Post a check over the Ridgeback I received a bacon roll from my next door neighbours, a bonus I wasn’t going to turn down. It was their last day camping before driving back to the Midlands so they had food to use up, and I was perfectly placed to oblige in ensuring nothing went to waste! Perhaps some of those Norse gods were in fact on my side.
Suitably loaded with calories, and with my bike loaded with luggage, I was on the road by 09.30 pedalling off towards Harlech.
Harlech has an impressive castle, overlooking Tremadog Bay. Unsurprisingly it’s another castle that was originally built by Edward I, and was also the stronghold of Henry Tudor. The Welsh ruler Owain Glyndwr captured the castle, along with large parts of Wales during the revolt against the English which started in 1400, and lasted through to 1409 when he disappeared; the English never caught him though.

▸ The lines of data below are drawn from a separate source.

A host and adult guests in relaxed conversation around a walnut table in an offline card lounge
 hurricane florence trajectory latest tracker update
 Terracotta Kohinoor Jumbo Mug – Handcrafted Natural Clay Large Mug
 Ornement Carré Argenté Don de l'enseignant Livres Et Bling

The castle lies atop a crag, about a half a mile from the sea, although when it was first built the coastline was a lot closer.
Pedalling on down the A496 I had the song ‘Men of Harlech’ going around my head for a good hour. It’s a good stirring tune, perfect for a grey day, and I was soon humming it quite loudly. I like it when they sing it in the film Zulu. The road follows the coast down to Barmouth, a once popular tourist destination, taking in several quite big hills on the way.
I made it to Barmouth in good time, where the Great Western used to deliver droves of holiday makers for their once a year seaside break from up north. By the looks of it tourists are still visiting in significant numbers.
I was able to take the toll bridge over the Afon Mawddach, which is open to pedestrians and cyclists and saved me a long trek inland. As with the previous day’s toll bridge there was no-one to pay a toll to, so I happily trundled over the somewhat bumpy wooden boards across the river.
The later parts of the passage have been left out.